# Prove that the limit of this sequence is > 0

1. Aug 16, 2010

### seeker101

Any suggestions on how to prove that

$$\prod^{\infty}_{j = 1} \left(1-\frac{1}{2^j}\right)$$ is greater than zero?

2. Aug 16, 2010

### CompuChip

How about proving that every term in the product is greater than zero?

I mean, the first one is 1 - 1/2 = 1/2 > 0, and as j gets larger, 1 - 1/2j only gets closer to 1 > 0.

3. Aug 16, 2010

### disregardthat

That's not sufficient. Suppose the term was n/(n+1). As n gets larger, this term gets closer to 1 > 0. And all terms are positive. That does not mean the infinite product $$\prod^{\infty}_{n=1} \frac{n}{n+1}$$ is positive. It is in fact 0.

4. Aug 16, 2010

### disregardthat

The product converges and has positive limit if and only if $$\sum^{\infty}_{k=1} -\log(1-2^{-k})$$ converges by taking the logarithm.

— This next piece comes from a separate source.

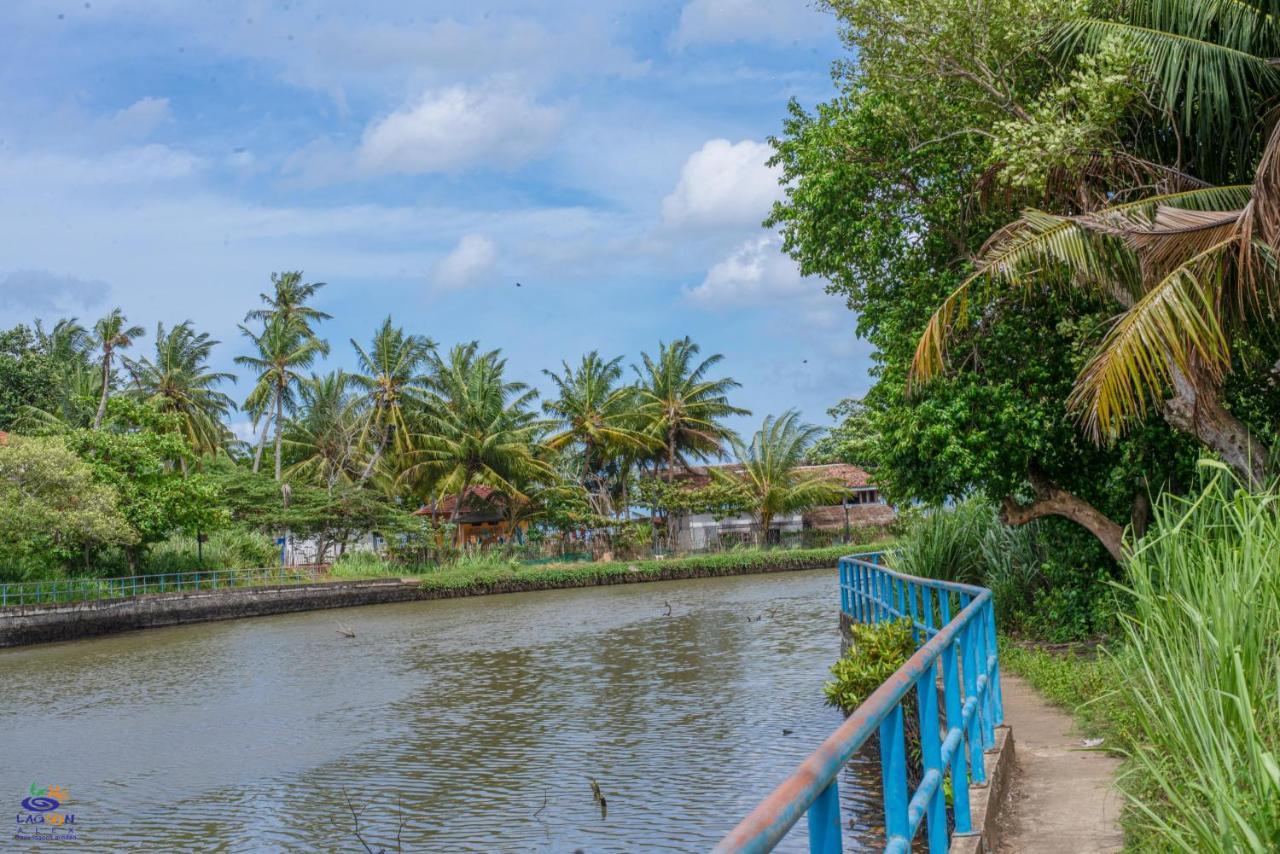 Oasis Lagoon Garden Tangalle Eksteriør bilde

Using the taylor sum for the logarithm, the product converges if and only if
$$\sum^{\infty}_{k=1} \sum^{\infty}_{n=1} \frac{(2^{-k})^n}{n}$$
converges and is equal to it if so. Since all terms are positive, we can interchange the limits (using some result of analysis). That is, the previous expression converges if and only if
$$\sum^{\infty}_{n=1} \sum^{\infty}_{k=1} \frac{(2^{-k})^n}{n} = \sum^{\infty}_{n=1} \frac{\frac{1}{1-2^{-n}}-1}{n} = \sum^{\infty}_{n=1} \frac{1}{(2^n-1)n}$$
converges and is equal to it if it does. The equality above follows from the formula of the geometric series.

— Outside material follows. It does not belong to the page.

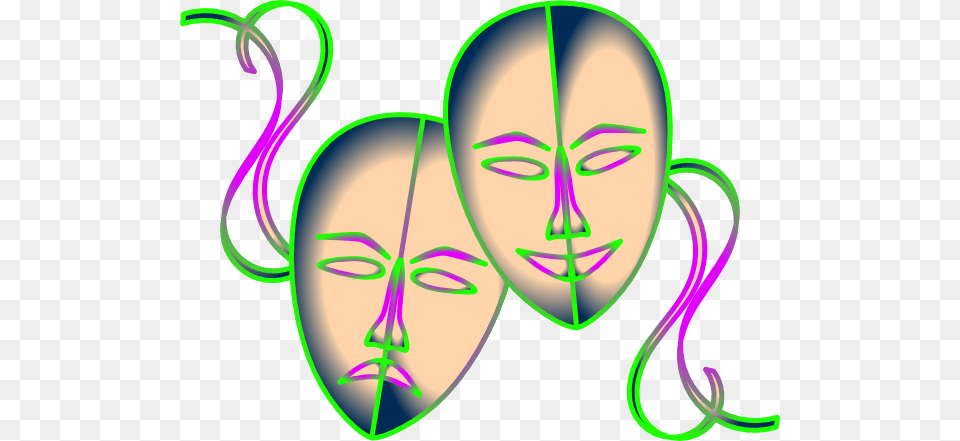 Masks Clipart Clip Art, Purple, Graphics, Adult, Person Free Png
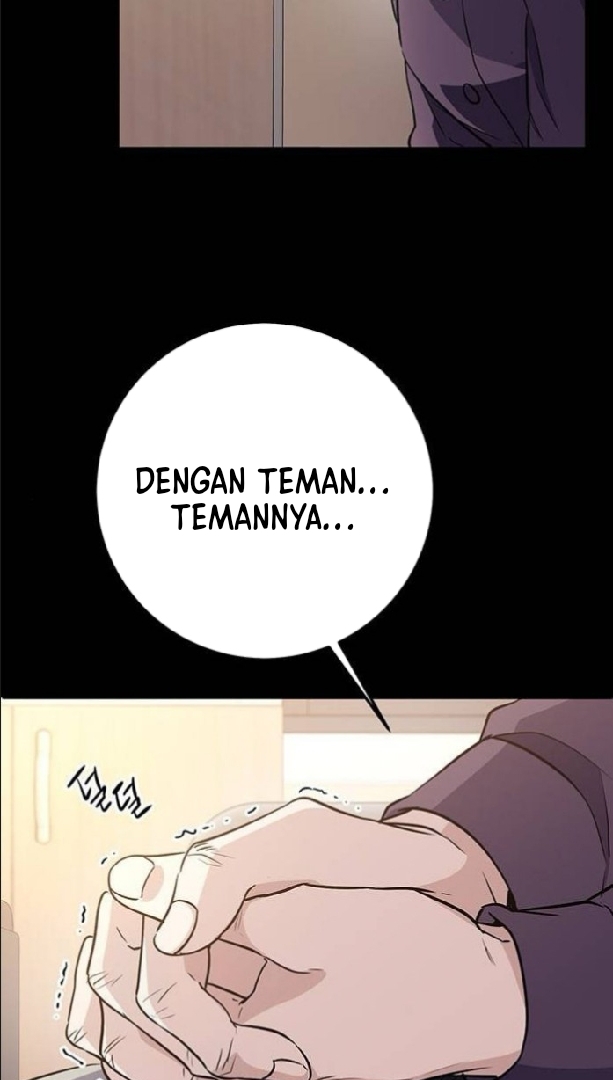 Halaman 94 dari High school Queen Chapter 7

For n > 1, we have $$(2^n-1)n \geq 2^n+2^n-n \geq 2^n$$. The last expression converges if and only if $$\sum^{\infty}_{n=2} \frac{1}{(2^n-1)n} \leq \sum^{\infty}_{n=2} \frac{1}{2^n}$$ does, but this is equal to 1/2. So the other sum is less that $$\frac{1}{2}+\frac{1}{(2^1-1)1 } = \frac{3}{2}$$. This implies that

$$\sum^{\infty}_{k=1} -\log(1-2^{-k}) \leq \frac{3}{2} \Leftrightarrow \sum^{\infty}_{k=1} \log(1-2^{-k}) \geq -\frac{3}{2} \Leftrightarrow \prod^{\infty}_{k=1} (1-2^{-k}) \geq e^{-\frac{3}{2}}>0$$

Last edited: Aug 16, 2010
5. Aug 16, 2010

### fourier jr

isn't there a theorem that says $\prod_{n=1}^{\infty}(1+|a_n|)$ converges if & only if $\sum_{n=1}^{\infty}|a_n|$ converges? I think that would help somehow if a - sign were put somewhere or whatever. every term is positive so I can't imagine why the product wouldn't be positive also.

6. Aug 16, 2010

### disregardthat

Look at my counter-example for this line of arguing two posts up. That product behaves in a similar fashion, but can easily be seen to converge to 0.

7. Aug 16, 2010

### CRGreathouse

The equivalent thing for a sum would be "every summand is finite so I can't imagine why the sum wouldn't be finite also". Of course both are false:
$$\sum_{n=1}^\infty-1$$
diverges (to $-\infty$), and so does
$$\exp\left(\sum_{n=1}^\infty-1\right)=\prod_{n=1}^\infty e^{-1}$$
(to 0).

8. Aug 16, 2010

### fourier jr

argh maybe I shouldn't have even replied

9. Aug 16, 2010

### CRGreathouse

We're just trying to help with some (hopefully?) intuitive explanations.

10. Aug 18, 2010

### seeker101

Many thanks!

11. Aug 18, 2010

### hamster143

Just notice that $e^{-2x} < 1-x < e^{-x}$ for $0<x\leq 0.5$.